But if my account is to be anything more than a lifeless list of names, and if, though it cannot be the closely-branched tree of life which actually exists, it is at least to come as near it as a garland or a nosegay to the tree, you must permit me to go back a little into my past life; for out of the self-same spirit, whence arose my own endeavours and which gave its direction to my own life, arose also the circle of those friends who are now so closely united with me.

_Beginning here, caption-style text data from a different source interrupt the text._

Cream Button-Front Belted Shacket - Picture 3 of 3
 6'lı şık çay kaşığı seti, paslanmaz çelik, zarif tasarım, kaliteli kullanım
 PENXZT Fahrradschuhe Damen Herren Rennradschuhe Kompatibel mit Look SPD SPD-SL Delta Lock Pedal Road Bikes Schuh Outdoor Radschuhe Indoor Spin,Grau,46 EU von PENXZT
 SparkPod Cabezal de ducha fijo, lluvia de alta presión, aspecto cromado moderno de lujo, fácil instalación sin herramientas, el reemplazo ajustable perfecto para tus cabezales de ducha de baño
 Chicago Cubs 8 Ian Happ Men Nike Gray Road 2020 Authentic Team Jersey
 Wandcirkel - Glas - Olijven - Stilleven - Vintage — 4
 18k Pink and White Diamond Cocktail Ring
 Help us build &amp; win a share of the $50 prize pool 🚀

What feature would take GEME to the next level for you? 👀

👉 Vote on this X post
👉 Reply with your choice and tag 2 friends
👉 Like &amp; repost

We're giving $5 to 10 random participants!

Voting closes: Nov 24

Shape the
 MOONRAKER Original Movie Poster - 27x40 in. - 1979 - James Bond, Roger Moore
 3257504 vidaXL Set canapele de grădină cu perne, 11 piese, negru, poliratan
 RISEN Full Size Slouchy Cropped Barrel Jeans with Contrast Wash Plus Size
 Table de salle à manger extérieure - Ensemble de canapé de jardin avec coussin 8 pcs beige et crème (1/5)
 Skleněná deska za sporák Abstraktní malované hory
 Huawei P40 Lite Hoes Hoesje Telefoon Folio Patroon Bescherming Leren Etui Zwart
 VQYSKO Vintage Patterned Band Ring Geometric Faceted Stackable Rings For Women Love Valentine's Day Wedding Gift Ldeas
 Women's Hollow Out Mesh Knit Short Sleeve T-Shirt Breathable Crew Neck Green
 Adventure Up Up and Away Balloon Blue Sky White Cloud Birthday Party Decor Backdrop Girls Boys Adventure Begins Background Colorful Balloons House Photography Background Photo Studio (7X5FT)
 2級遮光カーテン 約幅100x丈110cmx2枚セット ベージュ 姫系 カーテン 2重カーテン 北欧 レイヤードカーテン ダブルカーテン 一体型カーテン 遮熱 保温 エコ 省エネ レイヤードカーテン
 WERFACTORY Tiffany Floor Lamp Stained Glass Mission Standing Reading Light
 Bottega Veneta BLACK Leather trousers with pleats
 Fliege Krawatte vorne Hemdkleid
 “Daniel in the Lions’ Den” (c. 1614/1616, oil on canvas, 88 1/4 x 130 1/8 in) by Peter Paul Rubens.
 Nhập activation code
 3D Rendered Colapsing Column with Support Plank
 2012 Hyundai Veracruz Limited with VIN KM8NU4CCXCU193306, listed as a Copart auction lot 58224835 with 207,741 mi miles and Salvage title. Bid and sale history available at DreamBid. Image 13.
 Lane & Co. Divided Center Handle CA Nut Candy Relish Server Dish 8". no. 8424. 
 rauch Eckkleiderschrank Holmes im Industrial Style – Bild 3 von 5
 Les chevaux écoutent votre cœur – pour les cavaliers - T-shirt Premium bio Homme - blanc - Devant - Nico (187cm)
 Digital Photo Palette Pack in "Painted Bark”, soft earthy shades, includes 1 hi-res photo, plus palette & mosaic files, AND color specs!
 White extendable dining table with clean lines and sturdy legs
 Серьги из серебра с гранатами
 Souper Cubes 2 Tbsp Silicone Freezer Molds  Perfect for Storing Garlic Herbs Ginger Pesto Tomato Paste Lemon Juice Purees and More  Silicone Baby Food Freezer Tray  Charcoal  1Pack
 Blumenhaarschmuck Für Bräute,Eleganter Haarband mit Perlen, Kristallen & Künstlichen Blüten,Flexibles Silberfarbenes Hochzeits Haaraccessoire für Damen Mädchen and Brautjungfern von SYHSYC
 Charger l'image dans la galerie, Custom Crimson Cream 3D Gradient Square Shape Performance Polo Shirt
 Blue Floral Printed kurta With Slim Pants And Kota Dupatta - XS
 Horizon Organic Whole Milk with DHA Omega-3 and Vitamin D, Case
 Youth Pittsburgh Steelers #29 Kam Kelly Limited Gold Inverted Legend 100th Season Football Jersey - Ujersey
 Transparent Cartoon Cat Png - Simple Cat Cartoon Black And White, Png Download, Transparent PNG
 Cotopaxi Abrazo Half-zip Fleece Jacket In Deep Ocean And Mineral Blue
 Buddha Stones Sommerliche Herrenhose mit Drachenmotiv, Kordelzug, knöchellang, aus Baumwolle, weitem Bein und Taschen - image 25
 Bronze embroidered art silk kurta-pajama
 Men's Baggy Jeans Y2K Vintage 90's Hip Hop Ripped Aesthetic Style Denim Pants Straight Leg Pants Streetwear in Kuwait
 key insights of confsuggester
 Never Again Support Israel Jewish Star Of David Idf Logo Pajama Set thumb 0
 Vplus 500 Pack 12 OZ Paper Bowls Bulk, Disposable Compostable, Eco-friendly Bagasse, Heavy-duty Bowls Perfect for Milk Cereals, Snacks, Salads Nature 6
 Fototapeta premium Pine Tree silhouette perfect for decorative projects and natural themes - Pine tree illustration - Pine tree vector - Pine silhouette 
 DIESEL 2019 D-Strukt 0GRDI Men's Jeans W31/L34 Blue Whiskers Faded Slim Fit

The German war of 1813, in which so much seed-corn was sowed that perhaps only the smaller part of it has yet sprung up, to say nothing of blossoming and fruitage, sowed also the seed whence sprang the first beginnings of our association, and of our harmonious circle. In April 1813 Jahn led me and other Berlin students to meet my future comrades in arms, Luetzow's "Black Troop;" we went from Berlin to Dresden, and thence for the most part to Leipzig. On this march Jahn made me acquainted before we reached Meissen with another Berlin student, Heinrich Langethal, of Erfurt, as a fellow-countryman of mine; and Langethal introduced me to his friend and fellow-student in theology, Middendorff, of Brechten, near Dortmund.[108]

A wonderfully lovely spring evening spent together by the friendly shores of Elbe, and a visit to the magnificent Cathedral of Meissen, brought me nearer to these and other comrades; but it was the pleasant banks of Havel at Havelberg, the charming situation of the grand cathedral, the "Rhine Travels" of Georg Forster, a common love for nature, and above all a common eager yearning for higher culture that bound us three for ever together.[109]

The war in all its exhilaration and depression, its privation and pleasure, its transient and its permanent aspects, flowed on; sometimes nearer to us, sometimes further away. In August 1814 I was released from service, and returned to Berlin, there to enter upon the post[110] at the University Museum, which I have already mentioned.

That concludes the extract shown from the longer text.